2) A wine-tasting class, and afterwards a visit to a chateau to taste their selection. Attention all drama majors: If you’re looking for a career that uses our highly specific skill set of creating an atmospheric yet esoteric triumph of evocative language (this is a good start here), then crafting the “world of the wine” is for you! I guarantee that you already have the required aura of all-knowing mystery and the alcohol tolerance. Just learn French and you’ll be all set.
3) A topless beach. To be fair, it may not have been a topless beach. But it was in Europe and at least one other lady was doing it. Besides, how many of you can say that the housing director of your program has seen your breasts? How many of you want to be able to say that?

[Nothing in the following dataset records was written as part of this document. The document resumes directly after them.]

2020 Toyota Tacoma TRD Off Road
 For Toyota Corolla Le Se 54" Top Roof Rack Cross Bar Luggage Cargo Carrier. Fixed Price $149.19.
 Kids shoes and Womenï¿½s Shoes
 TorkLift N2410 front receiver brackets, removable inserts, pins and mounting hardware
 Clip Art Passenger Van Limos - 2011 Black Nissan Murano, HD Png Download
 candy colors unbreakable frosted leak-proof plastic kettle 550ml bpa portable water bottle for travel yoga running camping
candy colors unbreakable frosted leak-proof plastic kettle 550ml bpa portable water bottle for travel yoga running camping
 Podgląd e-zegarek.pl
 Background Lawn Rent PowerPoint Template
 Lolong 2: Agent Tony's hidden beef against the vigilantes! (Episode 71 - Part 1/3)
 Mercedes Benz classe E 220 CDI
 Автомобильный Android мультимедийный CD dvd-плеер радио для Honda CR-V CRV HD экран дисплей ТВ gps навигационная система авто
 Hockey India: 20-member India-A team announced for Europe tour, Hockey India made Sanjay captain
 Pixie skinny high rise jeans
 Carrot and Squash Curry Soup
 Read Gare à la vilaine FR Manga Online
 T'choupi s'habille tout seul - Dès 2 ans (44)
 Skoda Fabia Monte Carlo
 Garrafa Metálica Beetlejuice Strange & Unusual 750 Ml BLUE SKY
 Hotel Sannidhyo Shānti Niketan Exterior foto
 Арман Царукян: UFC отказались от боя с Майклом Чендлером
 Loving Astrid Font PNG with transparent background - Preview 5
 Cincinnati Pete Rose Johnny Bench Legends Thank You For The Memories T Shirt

4) Sung and played guitar sur les quais (on the waterfront) with assorted Frenchmen, all of whom assume that my name can’t actually be Beautiful (Belle en français means beautiful) and that I either don’t speak their language or must be attempting to seduce them. Also, they all play Wonderwall by Oasis. Like, ALL of them know this song and want to sing it with you.
5) An actual life size mechanical T. Rex. That’s right, travel advisory: There are dinosaurs in Bordeaux.
6) The Dune du Pyla, the highest sand dune in Europe. Scaling it is much more difficult in practice than in theory, and by the time I had reached the top I was considering asking for a rescue helicopter (toujours une crise) since I was pretty sure I had developed asthma on the way up and would of course have to start a new life on top of the dune. Actually, there was already a couple starting a new life on top of the dune, a bride and groom taking their wedding photos. The bride must have been made of steel to have scaled this sand mountain in full wedding regalia plus train. French women are tough.
On the subject of tough French women, I’ll leave you with words of wisdom from my mosquito-slaying host mother, who, whenever I was going out, contemplating going out, or putting on makeup of any kind, would always say to me, “Profitez d’avoir 20 ans! Profitez d’être jeune et belle! Profitez de la vie!” (This means literally, “Profit from being 20! Enjoy being young and beautiful! Make the most of life!”) It turns out, she’s absolutely right. JYA is what you make of it, and Paris is waiting (tomorrow, in fact). Profitez-en!